Order of court: A court of law may serve a banker with the order in garnishee

proceeding in execution of a decree, prohibiting him from the honouring a customer’s

cheques. The order may be absolute when it refers to the entire amount of the customer in

the banker’s, hand or it may be partial as relating to a specific sum only. The must act

accordance to the terms of the order served on him, and his relationship with customer

automatically comes to an end accordingly. In the case of Re consumers and industrial

press limited (1988) B.C.L.C.C 177, Peter Gibson J set out the conditions to be met by a

court in setting up an admistrative order. Its purpose was to facilitate the rescue

operations of an ailing company. Its effect is to freeze the companies position so that

actions against the company are suspended, there can be no winding up petition and no

fresh legal proceedings can be instituted on the company.
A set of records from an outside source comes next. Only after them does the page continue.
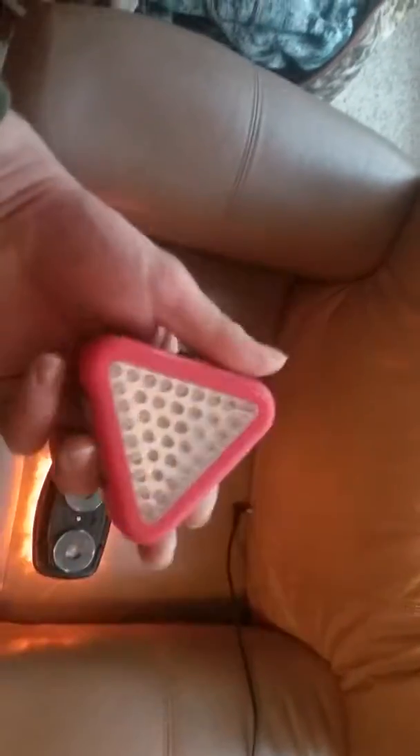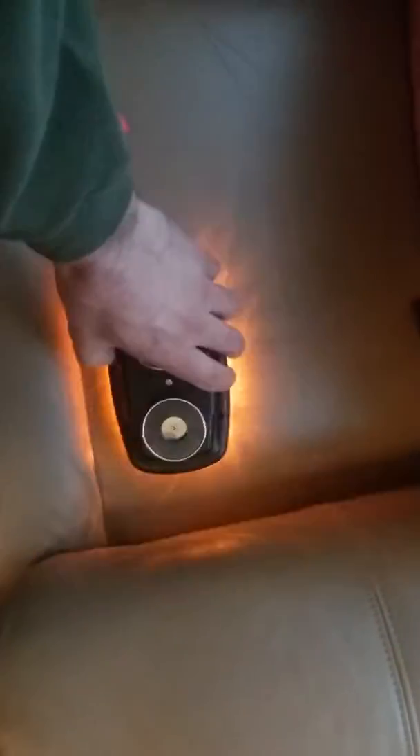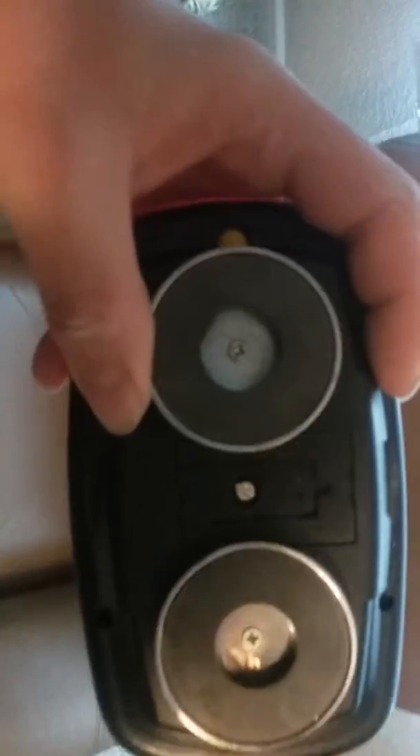This one has a steady on red, white, and flashing mode. This one's just a flashing orange, and it's got a steady on here too. Get the button here. Super bright. It's got super thick magnets on the back — these magnets are solid magnets.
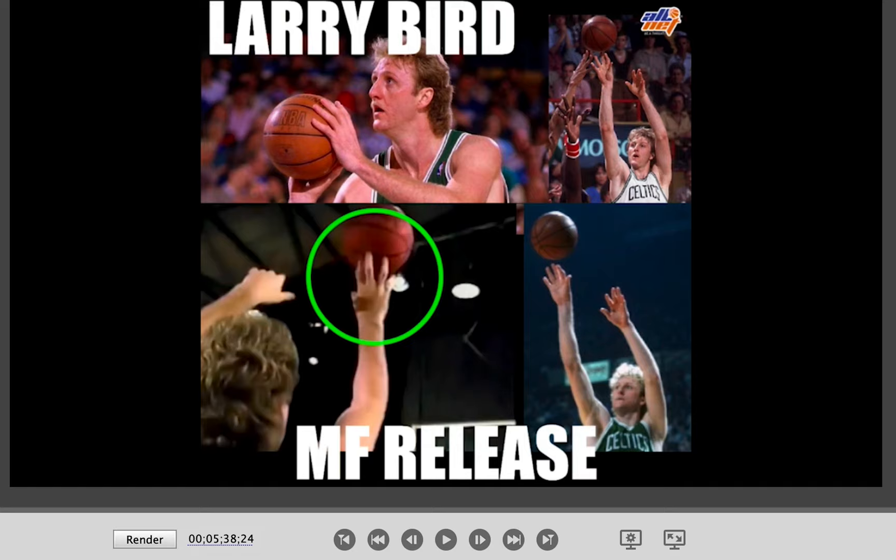Hello everyone, thank you for tuning in. This is Rich Michio with AllNet. Today we're going to break down the release of Larry Bird. Alright, let's jump into it.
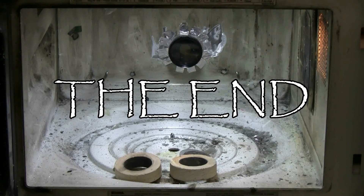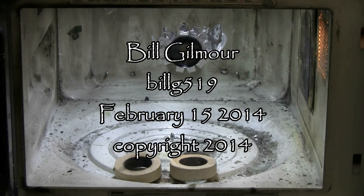Thanks for watching, and as always there'll be plenty more to come.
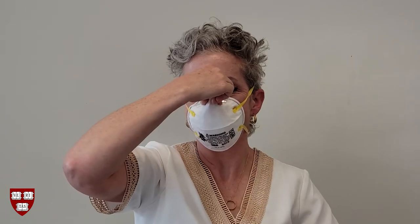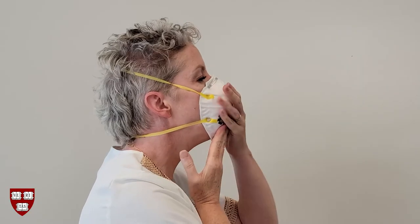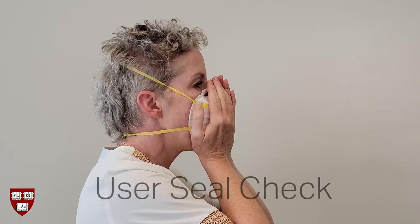Press and pinch the nose clip so it conforms to the shape of the bridge of your nose. Feel the edges of the facepiece to ensure they are in complete contact with your skin. Now it's time to perform a user seal check, which is critical to ensure the filtering facepiece is fitting you properly and adequately protecting you.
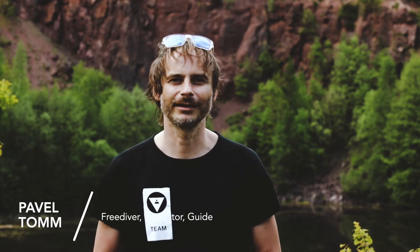Hello everyone, my name is Pavel Tom. I'm a freediving instructor trainer and freediving guide at Arctic Freediving — Freedive with Orcas in north of Norway. Today we're going to talk about buoyancy and weighting for freediving, to understand this principle, make your dive more easy, more efficient and safe.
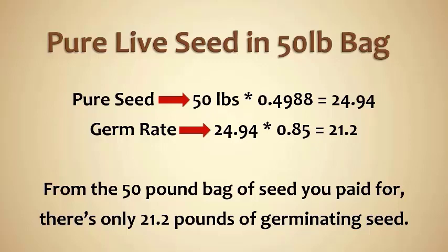So if you are needing to plant — let's use an easy example — I want to plant 20 pounds of seed per acre. You're essentially going to have to use that entire 50 pound bag to get the 20 pounds of actual pure live germinating seed into your food plot.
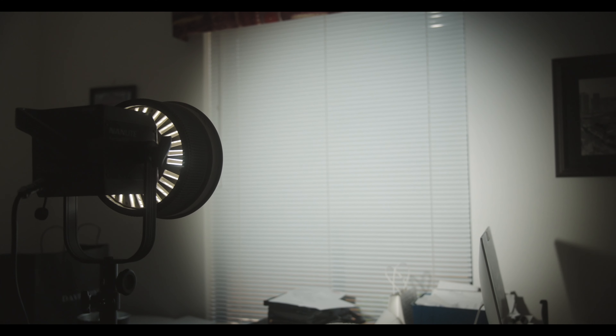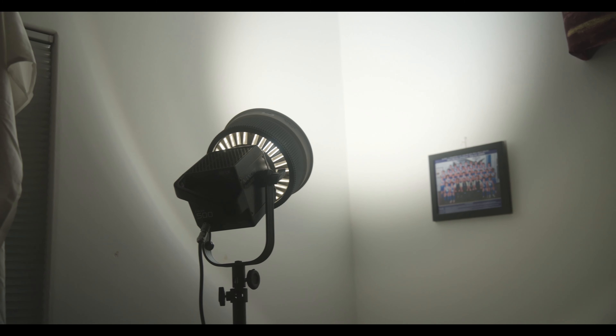One thing you can do is put a second diffusion in front of it, whether that's a thin diffusion, soft frost, or a shower curtain — something to take the edge off and make the light a little softer. My go-to is to bounce the light off something, whether that's a corner of the room or some fabric. In this case I had a bleached muslin fabric, which bounces the light off and spreads it around.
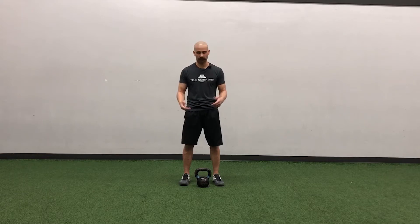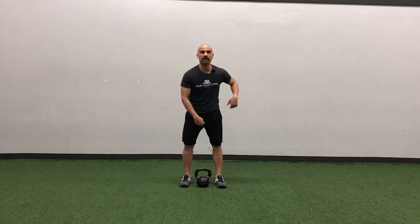The difference between the two is the dead clean comes straight up along the body — it's a vertical movement. The swing clean is going to come from the hips and be more of a horizontal movement that you have to rein in.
Death of a customer: As soon as the banker receives the intimation about the death of

his customer, he must stop his payment of cheques drawn on him by deceased customer

because, under section 122-A of the Negotiable Instruments Act 1881, the notice of the

death revokes his authority to pay such cheques. The heirs of the executors of the

deceased customer are not authorized to operate on the account, but can act only

accordance with the provisions mentioned in the letter of probable issued by a competent

court

Assignment of an account: The customer may assign his entire credit balance to a third

party and give the notice of assignment to the banker, asking for the payment to the
assignee. As soon as the banker acts upon the assignment instruction, the banker-

customer relationship comes to an end.

Unsatisfactory operations: A banker may close his customer’s account after serving a

notice if he fails to maintain the account satisfactorily. The banker determines as act

account as ‘unsatisfactory’ if the customer has been in the habits of drawing cheques

without having adequate funds and to the credit or maintains unremunerative account or

has been in the habits of forgoing cheques, which ultimately brought him to the books.